* **Your assignment**:
Repeat all of the records exactly, leaving out the pictures.

* **Material supplied**:
◇ ◇ ◇ ◇ ◇

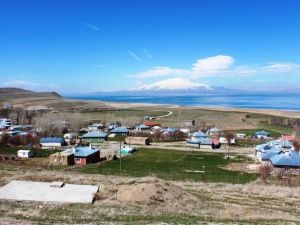 Tuşba Belediyesi’nden Hizmet Startı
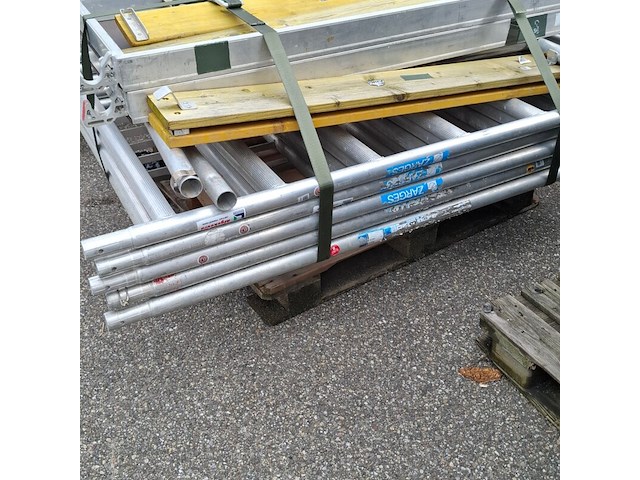 Diverse steigeronderdelen, o.a zarges - afbeelding 3 van  6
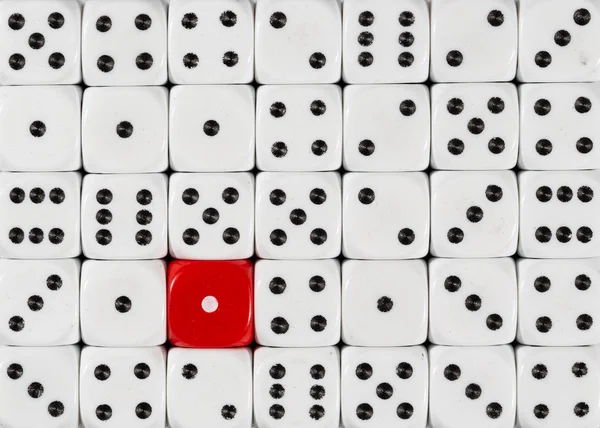 Sfondo di dadi bianchi ordinati casualmente con un cubo rosso — Foto Stock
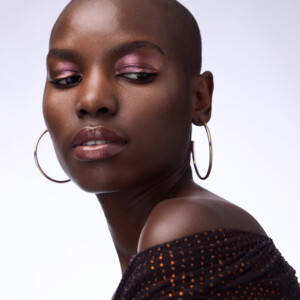 Catrice Space Glam Chrome Eyeshadow 050 Cosmic Coral - 3.85 euro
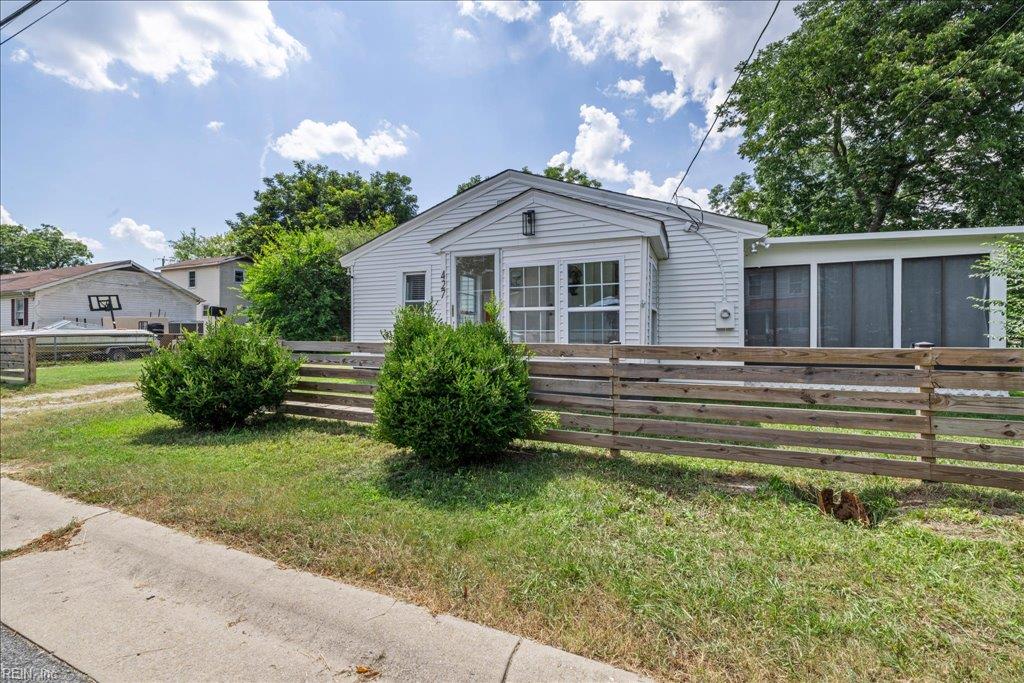 427 Linden Ave Property Photo 2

◇ ◇ ◇ ◇ ◇

* **Answer box**:
 Tuşba Belediyesi’nden Hizmet Startı
 Diverse steigeronderdelen, o.a zarges - afbeelding 3 van  6
 Sfondo di dadi bianchi ordinati casualmente con un cubo rosso — Foto Stock
 Catrice Space Glam Chrome Eyeshadow 050 Cosmic Coral - 3.85 euro
 427 Linden Ave Property Photo 2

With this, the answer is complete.